Model based testing

What is model based testing?

Creating test cases in any development method is at the core of testing and can be very time consuming, especially when conducted manually. Also, test-case development can be prone to interpretation errors when the test base – be it requirements, design documents or any other artifact – is ambiguous. Model based testing attacks these problems by using formal models to generate testcases. 

Model Based Testing (MBT) ranges from full-blown test automation in which test cases from models are created and executed all in one go by an MBT suite via Model-Based Test Design (MBTD, often referred to as Automated Test Design), aiming at shortening test-case development lead time to Model-Based Review (MBR) which aims at reducing test base ambiguity through models without delivering actual test cases.

The definition of model is quite broad: any artifact that is unambiguous and can be interpreted by a computer program is considered ‘a model’, so a process diagram from a sophisticated modeling workbench fulfills this definition, but in some cases a simple checklist fulfills it as well.

People Involved

In Model Based Review models are used as a means to assess the quality of requirements, designs, etc.. The models are prepared by the test discipline and reviewed by the owners of the original design, analysis or whatever artifact the model is representing.

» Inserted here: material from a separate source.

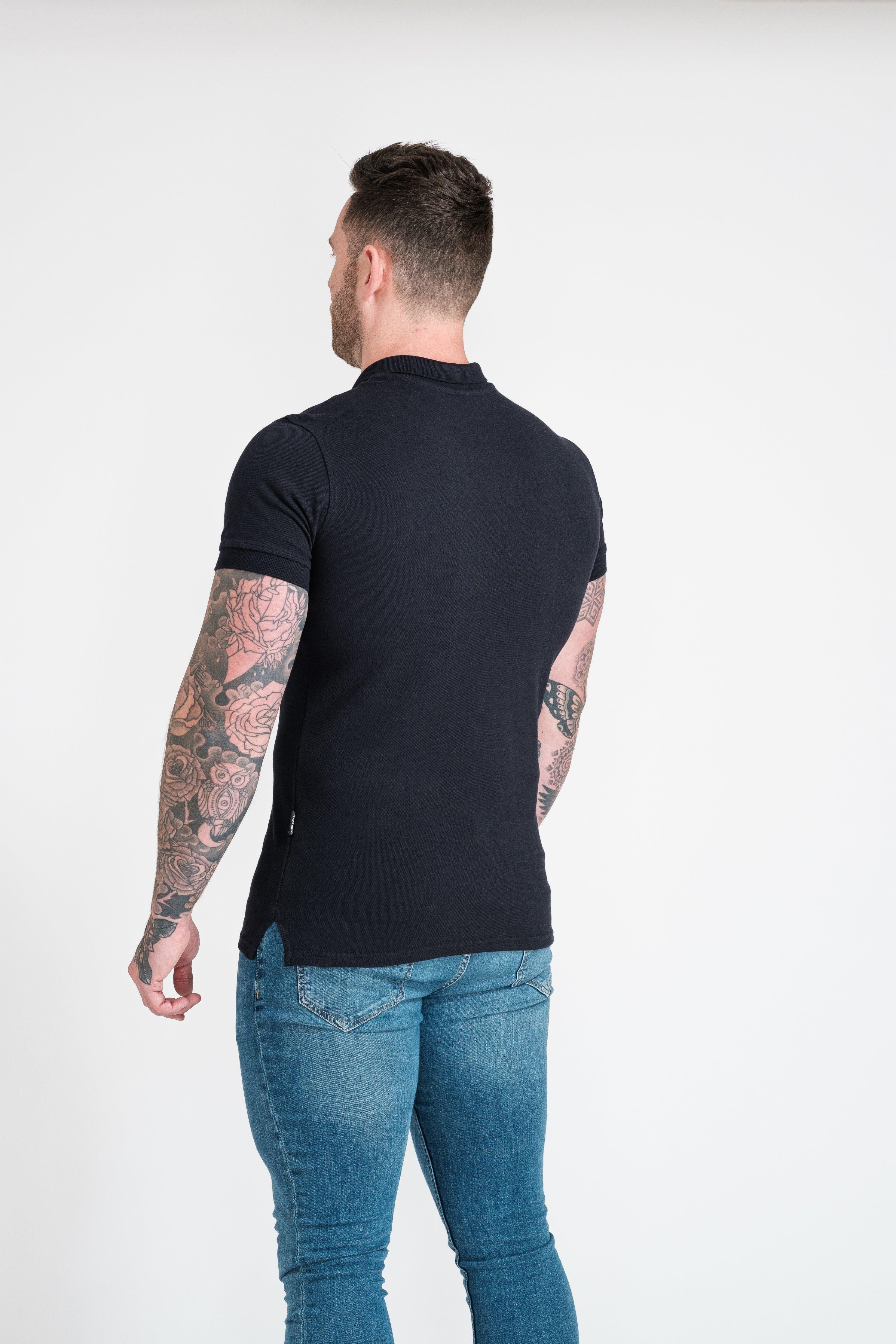 Short Sleeve Navy Tapered Fit Polo Shirt - Image 22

In Model Based Test Design - or Automated Test Design - the origin of the models may lie with all kind of disciplines, as long as the models contain the right data in sufficient detail to derive test cases from.

Artifacts

Some commonly used models are:

  • For process descriptions:
    • flow diagram
  • For business rules:
    • pseudo code,
    • decision table
  • For data driven testing:
    • classification tree

Output artifacts are:

Automated Test Design usually results in test case suites either in HTML (for manual testing), in spreadsheet format (very well suited for uploading to Test Management Tooling or in XML format (very well suited as input for automated test execution).

Success Factors

Reality cannot be captured in one single model, so if you need to test several aspects, make use of more than one model.
Model Based Testing is the means to an end to a larger whole: if the larger whole (e.g. a fully automated regression test set) is unclear, expectations might become vague and/or unrealistic.
Managing the models, not the resulting test cases. When the resulting test cases are enriched with additional data, one looses the advantage of re-generating test cases ‘with the push of a button’.